Objective: To evaluate patients with hyperprolactinemia for the presence of dopamine receptor D2 polymorphisms.
Design: Case-control study.
Setting: Academic research environment.
Patient(s): Women and men with pathologic hyperprolactinemia and healthy controls.
Intervention(s): DNA extraction of peripheral blood, polymerase chain reaction, single-strand conformation polymorphism, DNA sequencing, and restriction digest.
Main outcome measure(s): Two polymorphisms in exon 7 of the dopamine receptor D2 (DRD2) gene. Polymorphism 1 involves nucleotide 3420 (C to T, 313 His), and polymorphism 2 involves nucleotide 3438 (C to T, 319 Pro).
Result(s): The frequency of DRD2 polymorphism 1 alleles was increased in subjects with hyperprolactinemia. Analysis of the DRD2 genotypes demonstrates an odds ratio of 6.77 (2.39, 19.14; 95% confidence interval) for the polymorphism 1 homozygous state in hyperprolactinemia.

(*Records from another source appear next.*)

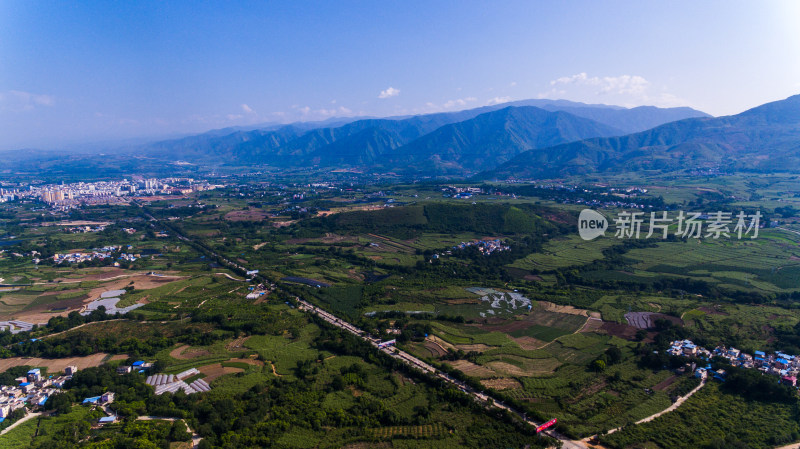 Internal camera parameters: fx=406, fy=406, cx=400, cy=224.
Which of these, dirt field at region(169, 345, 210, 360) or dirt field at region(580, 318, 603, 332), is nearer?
dirt field at region(169, 345, 210, 360)

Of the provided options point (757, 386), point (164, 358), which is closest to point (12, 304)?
point (164, 358)

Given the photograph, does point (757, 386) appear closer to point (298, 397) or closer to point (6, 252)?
point (298, 397)

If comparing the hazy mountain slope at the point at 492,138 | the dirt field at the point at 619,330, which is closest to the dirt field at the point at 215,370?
the dirt field at the point at 619,330

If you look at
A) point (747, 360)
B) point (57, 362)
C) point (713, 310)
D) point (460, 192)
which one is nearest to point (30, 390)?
point (57, 362)

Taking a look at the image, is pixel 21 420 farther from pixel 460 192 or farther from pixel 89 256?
pixel 460 192

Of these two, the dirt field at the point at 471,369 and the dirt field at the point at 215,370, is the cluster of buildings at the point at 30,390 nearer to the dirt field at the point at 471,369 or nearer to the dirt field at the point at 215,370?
the dirt field at the point at 215,370

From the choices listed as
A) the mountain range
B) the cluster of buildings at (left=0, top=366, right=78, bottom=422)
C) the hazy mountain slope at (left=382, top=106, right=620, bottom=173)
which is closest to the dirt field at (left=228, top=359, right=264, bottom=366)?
the cluster of buildings at (left=0, top=366, right=78, bottom=422)

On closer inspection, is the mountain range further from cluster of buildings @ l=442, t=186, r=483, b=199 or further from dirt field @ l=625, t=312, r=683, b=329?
dirt field @ l=625, t=312, r=683, b=329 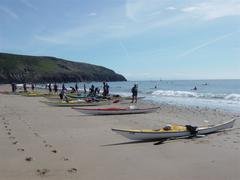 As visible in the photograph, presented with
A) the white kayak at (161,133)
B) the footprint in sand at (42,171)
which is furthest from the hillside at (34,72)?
the footprint in sand at (42,171)

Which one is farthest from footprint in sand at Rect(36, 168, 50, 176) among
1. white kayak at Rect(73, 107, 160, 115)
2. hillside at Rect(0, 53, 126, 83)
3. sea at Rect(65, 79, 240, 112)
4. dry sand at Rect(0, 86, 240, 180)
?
hillside at Rect(0, 53, 126, 83)

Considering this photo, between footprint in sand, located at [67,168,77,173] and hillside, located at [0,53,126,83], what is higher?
hillside, located at [0,53,126,83]

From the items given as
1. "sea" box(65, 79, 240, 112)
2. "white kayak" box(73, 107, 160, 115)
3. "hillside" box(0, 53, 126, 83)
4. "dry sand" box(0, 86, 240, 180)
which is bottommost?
"sea" box(65, 79, 240, 112)

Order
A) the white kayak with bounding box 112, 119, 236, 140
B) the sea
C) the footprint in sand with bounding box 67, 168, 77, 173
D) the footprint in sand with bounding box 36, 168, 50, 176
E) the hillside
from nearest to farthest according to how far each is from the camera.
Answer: the footprint in sand with bounding box 36, 168, 50, 176
the footprint in sand with bounding box 67, 168, 77, 173
the white kayak with bounding box 112, 119, 236, 140
the sea
the hillside

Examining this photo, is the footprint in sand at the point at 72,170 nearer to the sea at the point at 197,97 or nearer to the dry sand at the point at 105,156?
the dry sand at the point at 105,156

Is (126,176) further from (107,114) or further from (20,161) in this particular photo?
(107,114)

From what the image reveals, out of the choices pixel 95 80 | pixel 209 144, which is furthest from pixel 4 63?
pixel 209 144

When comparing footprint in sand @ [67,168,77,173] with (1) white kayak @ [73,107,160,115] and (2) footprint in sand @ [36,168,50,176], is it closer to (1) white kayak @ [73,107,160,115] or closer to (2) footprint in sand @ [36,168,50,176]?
(2) footprint in sand @ [36,168,50,176]

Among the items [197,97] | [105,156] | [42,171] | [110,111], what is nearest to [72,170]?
[42,171]

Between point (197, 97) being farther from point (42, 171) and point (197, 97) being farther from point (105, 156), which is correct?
point (42, 171)

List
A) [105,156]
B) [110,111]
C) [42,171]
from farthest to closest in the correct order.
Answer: [110,111]
[105,156]
[42,171]

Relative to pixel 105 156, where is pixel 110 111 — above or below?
above

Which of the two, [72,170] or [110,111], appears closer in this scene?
[72,170]

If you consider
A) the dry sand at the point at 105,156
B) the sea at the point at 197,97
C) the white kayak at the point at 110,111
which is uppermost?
the white kayak at the point at 110,111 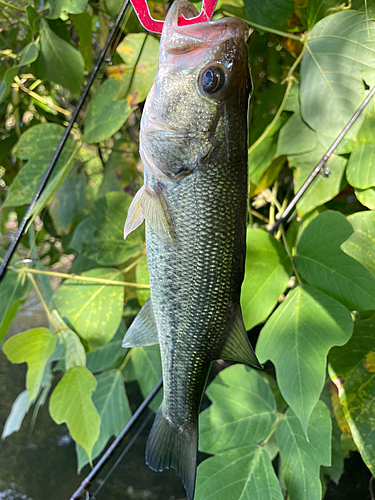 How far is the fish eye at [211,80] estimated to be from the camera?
36 cm

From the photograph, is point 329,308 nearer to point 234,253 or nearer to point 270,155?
point 234,253

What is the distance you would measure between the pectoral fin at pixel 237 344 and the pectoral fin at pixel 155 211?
4.9 inches

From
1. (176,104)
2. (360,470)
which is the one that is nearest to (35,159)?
(176,104)

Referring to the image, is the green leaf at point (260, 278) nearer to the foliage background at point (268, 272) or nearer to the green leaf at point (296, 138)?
the foliage background at point (268, 272)

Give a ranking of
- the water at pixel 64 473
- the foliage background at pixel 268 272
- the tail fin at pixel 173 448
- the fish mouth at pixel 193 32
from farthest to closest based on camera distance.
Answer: the water at pixel 64 473, the foliage background at pixel 268 272, the tail fin at pixel 173 448, the fish mouth at pixel 193 32

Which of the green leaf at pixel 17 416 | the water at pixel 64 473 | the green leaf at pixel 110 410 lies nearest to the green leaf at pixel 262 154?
the green leaf at pixel 110 410

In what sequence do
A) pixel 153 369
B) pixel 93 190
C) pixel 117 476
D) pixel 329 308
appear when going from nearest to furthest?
pixel 329 308, pixel 153 369, pixel 93 190, pixel 117 476

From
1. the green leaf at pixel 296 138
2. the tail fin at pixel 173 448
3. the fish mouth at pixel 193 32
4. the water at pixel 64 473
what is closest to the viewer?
the fish mouth at pixel 193 32

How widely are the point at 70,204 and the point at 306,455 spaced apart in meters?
0.77

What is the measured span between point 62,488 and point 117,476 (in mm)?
179

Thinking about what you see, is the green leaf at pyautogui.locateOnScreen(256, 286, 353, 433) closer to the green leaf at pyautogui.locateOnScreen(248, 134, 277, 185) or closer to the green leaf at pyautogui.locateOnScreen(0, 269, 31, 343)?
the green leaf at pyautogui.locateOnScreen(248, 134, 277, 185)

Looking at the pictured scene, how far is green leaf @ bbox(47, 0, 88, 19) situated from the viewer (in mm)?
662

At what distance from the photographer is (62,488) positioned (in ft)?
4.01

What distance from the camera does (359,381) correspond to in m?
0.64
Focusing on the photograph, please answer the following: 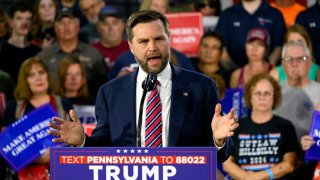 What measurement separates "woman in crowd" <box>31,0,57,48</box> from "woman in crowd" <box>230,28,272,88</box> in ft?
6.14

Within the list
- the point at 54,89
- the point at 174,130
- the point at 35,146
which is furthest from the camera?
the point at 54,89

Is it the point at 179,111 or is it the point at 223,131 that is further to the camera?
the point at 179,111

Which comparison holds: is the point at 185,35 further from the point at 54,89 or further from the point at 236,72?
the point at 54,89

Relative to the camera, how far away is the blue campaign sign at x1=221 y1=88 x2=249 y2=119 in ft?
22.3

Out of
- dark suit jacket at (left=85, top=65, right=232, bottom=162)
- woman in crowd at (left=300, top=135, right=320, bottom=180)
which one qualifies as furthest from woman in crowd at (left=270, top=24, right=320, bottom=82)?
dark suit jacket at (left=85, top=65, right=232, bottom=162)

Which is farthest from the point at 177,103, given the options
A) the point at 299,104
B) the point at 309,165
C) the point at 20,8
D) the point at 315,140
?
the point at 20,8

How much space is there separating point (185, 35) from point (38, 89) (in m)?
1.60

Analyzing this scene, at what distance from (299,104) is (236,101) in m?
0.51

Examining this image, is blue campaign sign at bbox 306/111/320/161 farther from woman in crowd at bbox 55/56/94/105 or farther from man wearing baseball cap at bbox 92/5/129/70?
man wearing baseball cap at bbox 92/5/129/70

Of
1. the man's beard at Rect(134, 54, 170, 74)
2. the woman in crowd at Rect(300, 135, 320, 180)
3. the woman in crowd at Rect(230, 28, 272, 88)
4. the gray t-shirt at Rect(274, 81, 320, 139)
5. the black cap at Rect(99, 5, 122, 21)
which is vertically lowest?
the woman in crowd at Rect(300, 135, 320, 180)

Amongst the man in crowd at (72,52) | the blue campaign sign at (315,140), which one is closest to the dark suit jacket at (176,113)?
the blue campaign sign at (315,140)

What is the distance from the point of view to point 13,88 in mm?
7320

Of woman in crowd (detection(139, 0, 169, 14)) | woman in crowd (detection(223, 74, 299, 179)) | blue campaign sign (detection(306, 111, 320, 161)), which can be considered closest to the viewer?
blue campaign sign (detection(306, 111, 320, 161))

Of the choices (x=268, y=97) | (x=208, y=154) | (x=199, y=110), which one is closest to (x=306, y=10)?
(x=268, y=97) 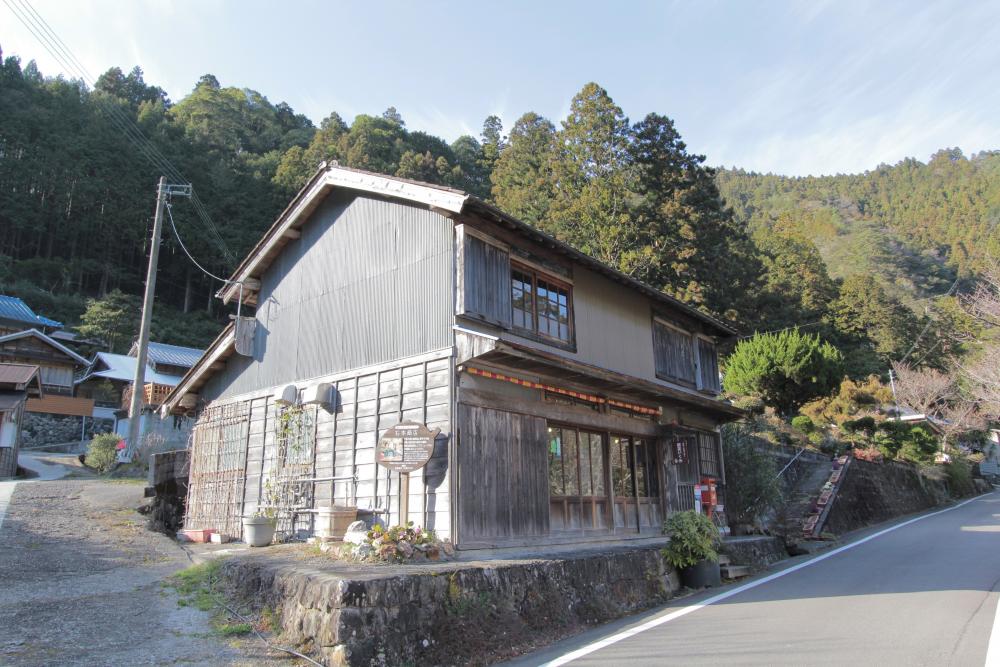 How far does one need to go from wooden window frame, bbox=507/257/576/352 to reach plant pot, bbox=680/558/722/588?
4715mm

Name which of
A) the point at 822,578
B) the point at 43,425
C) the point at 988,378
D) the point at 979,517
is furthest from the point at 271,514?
the point at 43,425

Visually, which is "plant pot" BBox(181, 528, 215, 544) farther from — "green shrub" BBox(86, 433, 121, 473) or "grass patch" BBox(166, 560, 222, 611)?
"green shrub" BBox(86, 433, 121, 473)

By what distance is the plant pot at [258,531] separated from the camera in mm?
11875

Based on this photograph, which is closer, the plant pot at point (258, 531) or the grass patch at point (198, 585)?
the grass patch at point (198, 585)

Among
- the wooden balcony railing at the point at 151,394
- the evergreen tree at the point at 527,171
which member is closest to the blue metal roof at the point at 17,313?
the wooden balcony railing at the point at 151,394

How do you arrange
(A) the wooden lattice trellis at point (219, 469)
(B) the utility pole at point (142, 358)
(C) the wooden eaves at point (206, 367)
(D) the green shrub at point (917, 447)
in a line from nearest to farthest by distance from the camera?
(A) the wooden lattice trellis at point (219, 469) → (C) the wooden eaves at point (206, 367) → (B) the utility pole at point (142, 358) → (D) the green shrub at point (917, 447)

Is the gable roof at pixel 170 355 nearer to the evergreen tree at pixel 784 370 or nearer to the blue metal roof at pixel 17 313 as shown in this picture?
the blue metal roof at pixel 17 313

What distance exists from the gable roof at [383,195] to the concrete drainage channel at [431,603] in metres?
5.70

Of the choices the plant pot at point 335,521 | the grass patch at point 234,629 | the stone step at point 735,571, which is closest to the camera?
the grass patch at point 234,629

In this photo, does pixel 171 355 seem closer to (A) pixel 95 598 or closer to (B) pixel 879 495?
(A) pixel 95 598

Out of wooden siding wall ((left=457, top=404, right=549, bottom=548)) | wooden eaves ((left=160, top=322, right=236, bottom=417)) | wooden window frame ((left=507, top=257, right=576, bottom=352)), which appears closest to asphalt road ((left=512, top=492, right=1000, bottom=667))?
wooden siding wall ((left=457, top=404, right=549, bottom=548))

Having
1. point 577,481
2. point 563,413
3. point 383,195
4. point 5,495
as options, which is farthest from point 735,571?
point 5,495

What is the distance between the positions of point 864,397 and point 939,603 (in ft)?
92.8

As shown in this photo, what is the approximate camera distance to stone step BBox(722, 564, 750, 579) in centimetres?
1212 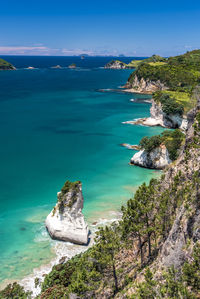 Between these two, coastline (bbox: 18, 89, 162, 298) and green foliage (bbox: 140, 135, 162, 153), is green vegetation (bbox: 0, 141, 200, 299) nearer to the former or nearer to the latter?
coastline (bbox: 18, 89, 162, 298)

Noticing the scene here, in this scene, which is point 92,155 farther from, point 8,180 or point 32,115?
point 32,115

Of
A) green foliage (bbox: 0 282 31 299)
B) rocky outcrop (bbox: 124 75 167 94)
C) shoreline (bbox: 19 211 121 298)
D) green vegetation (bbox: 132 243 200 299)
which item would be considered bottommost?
shoreline (bbox: 19 211 121 298)

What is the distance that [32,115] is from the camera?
83.0 metres

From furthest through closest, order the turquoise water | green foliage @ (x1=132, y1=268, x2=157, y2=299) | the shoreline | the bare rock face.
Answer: the turquoise water → the bare rock face → the shoreline → green foliage @ (x1=132, y1=268, x2=157, y2=299)

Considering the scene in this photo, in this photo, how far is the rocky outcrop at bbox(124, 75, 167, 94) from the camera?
117m

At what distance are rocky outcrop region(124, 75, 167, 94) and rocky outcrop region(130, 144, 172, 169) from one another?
76.0 meters

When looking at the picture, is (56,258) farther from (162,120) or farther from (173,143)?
(162,120)

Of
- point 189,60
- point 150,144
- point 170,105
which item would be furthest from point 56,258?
point 189,60

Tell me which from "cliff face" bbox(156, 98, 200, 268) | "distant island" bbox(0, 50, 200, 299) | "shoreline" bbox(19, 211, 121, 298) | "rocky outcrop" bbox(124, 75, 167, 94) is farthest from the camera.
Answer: "rocky outcrop" bbox(124, 75, 167, 94)

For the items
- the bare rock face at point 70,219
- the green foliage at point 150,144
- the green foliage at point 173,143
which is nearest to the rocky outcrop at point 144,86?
the green foliage at point 173,143

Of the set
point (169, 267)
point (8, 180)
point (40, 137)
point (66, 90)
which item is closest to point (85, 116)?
point (40, 137)

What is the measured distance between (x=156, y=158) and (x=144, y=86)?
85618 millimetres

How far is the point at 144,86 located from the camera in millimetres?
123188

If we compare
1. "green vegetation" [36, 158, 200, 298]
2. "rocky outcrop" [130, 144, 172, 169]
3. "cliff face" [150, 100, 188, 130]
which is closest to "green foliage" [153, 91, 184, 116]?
"cliff face" [150, 100, 188, 130]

Conclusion(s): A genetic predisposition to hyperprolactinemia is suggested by an excess homozygosity for polymorphism 1 in exon 7 of the DRD2 gene. Previous studies of lactotrophs from prolactinomas have found normal DRD2 receptors but differing isoform density. Homozygosity of polymorphism 1 may influence the distribution of the DRD2 isoforms on the lactotroph. Other potential mechanisms include an association with a molecular defect in a postreceptor signaling mechanism, such as a somatic inactivating mutation in a G1 protein, which could result in autonomous function of the lactotroph. Mutations could also result in different receptor-G protein interactions, such as a Gs instead of Gi, and result in autonomous lactotroph function.